Mobility is a growing necessity and engine for society and for the economy. It's also responsible for a significant amount of our greenhouse gas emission, with growing traffic volumes despite increasing prices for energy and mobility services. Cutting emissions cannot be achieved by just making combustion engines more efficient or green; it will require fundamental changes in the transportation system. A recent study from the Lucerne School of Business shows for the first time that proximity to a car-sharing station has direct impacts on the environment: anyone living within 840 metres of a shared car station uses less energy and produces a lower volume of greenhouse gas than the average Swiss national. So the closer the car-sharing parking is located, the better it is for the environment. Car sharing will therefore play a key role in helping cities, municipalities and states achieve their environmental targets. But not many will be willing (and/or have the resources) to set up a close-knit car sharing network.

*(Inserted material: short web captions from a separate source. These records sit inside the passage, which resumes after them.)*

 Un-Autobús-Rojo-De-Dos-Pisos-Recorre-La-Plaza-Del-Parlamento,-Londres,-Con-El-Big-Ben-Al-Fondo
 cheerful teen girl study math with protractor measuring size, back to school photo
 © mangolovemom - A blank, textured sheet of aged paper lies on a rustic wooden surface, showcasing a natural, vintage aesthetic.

So the car-sharing industry will need to find new business models to deploy their network without significant investments. After having introduced sharing scooters and carpool sharing platforms, Switzerland is seeing a revolution in this aspect where dealer cars are expected to become sharing cars. Countless cars sit idle in car dealerships for days, weeks or months. Swiss car sharing company Mobility wants to now exploit this potential and fit them out with car-sharing technology.

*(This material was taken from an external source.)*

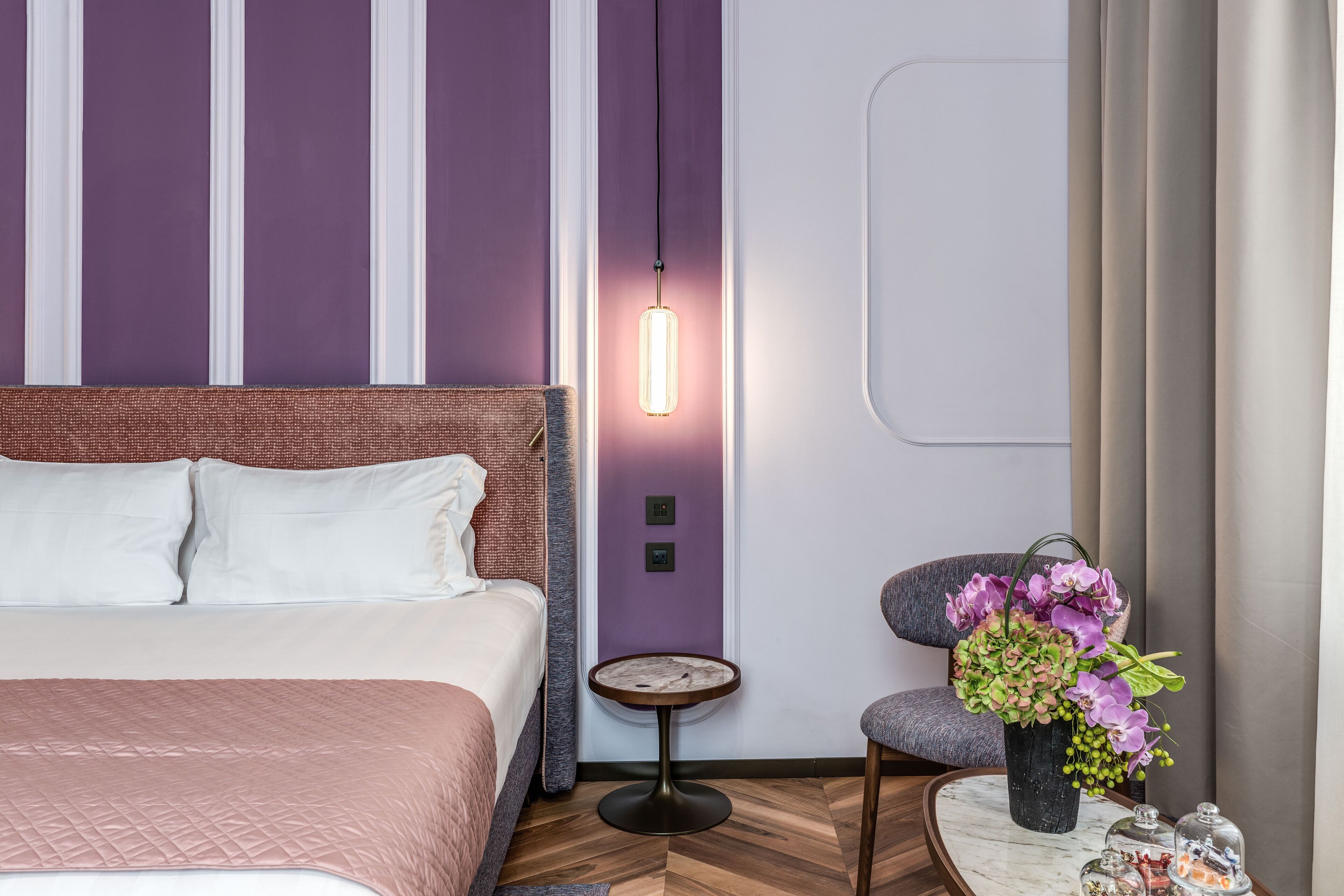 A modern hotel room with a large bed, a small round table with a vase of flowers, and a chair.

Switzerland is a world leader in mobility but many western countries are now also seeing their cities and transportation transform through technology and sharing services. And while AirBnB revolutionised metropolitan property rental markets with little to no needed investment, the mobility revolution will not happen without major technology breakthroughs. Contrary to sharing apartments, sharing cars will require much more sophisticated technologies than today: more security for key-less opening and closing of vehicles, more safety for driving autonomous cars to your front door, more power efficiency to reduce battery charging times and increasing the battery life of your e-vehicle.

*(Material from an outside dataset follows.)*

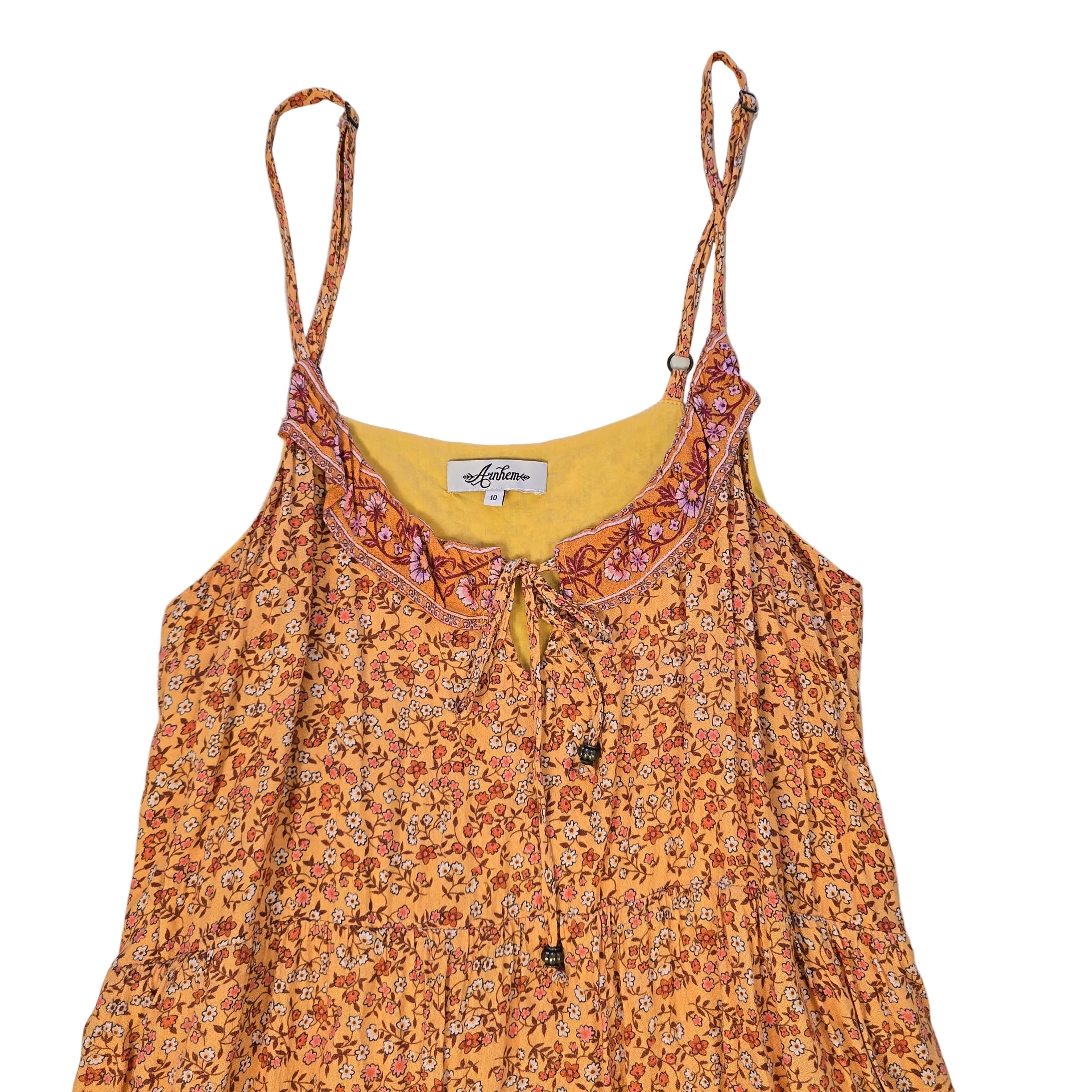 Floral dress with a visible brand tag on a light background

As a result not only car makers but also the whole ecosystem will have to combine all three dimensions of safety, security and low power in future products. The example of autonomous cars is striking: it will not only require a GPS receiver in the car to give centimeter-level accuracy safely within urban environments, but also detect malicious attacks (e.g. against spoofers that are readily available on the marketplace) so as to keep cars driving seamlessly without the need for a driver to intervene. And it will need to do so at an order of magnitude lower power level than today, to not only extend the duration of the driving but also to work in conjunction with power hungry graphic display processors for more interactive infotainment systems like smart cockpits.
Last but not the least, while GPS-enabled telematics devices are optional under current insurance covers, in future, a new generation of these devices will likely be built into all mobility products and services to cover all possible damages in case of accident. Such devices will require highly reliable and accurate location data for safety features that avoid risks and to reconstruct events when accidents happen.
Today's car manufacturers need to come to grips with the massive technological challenges they face to support the mobility transformation. Those that overcome today's main technology barriers will be able to capture the massive opportunity the new mobility future for tomorrow's cities holds.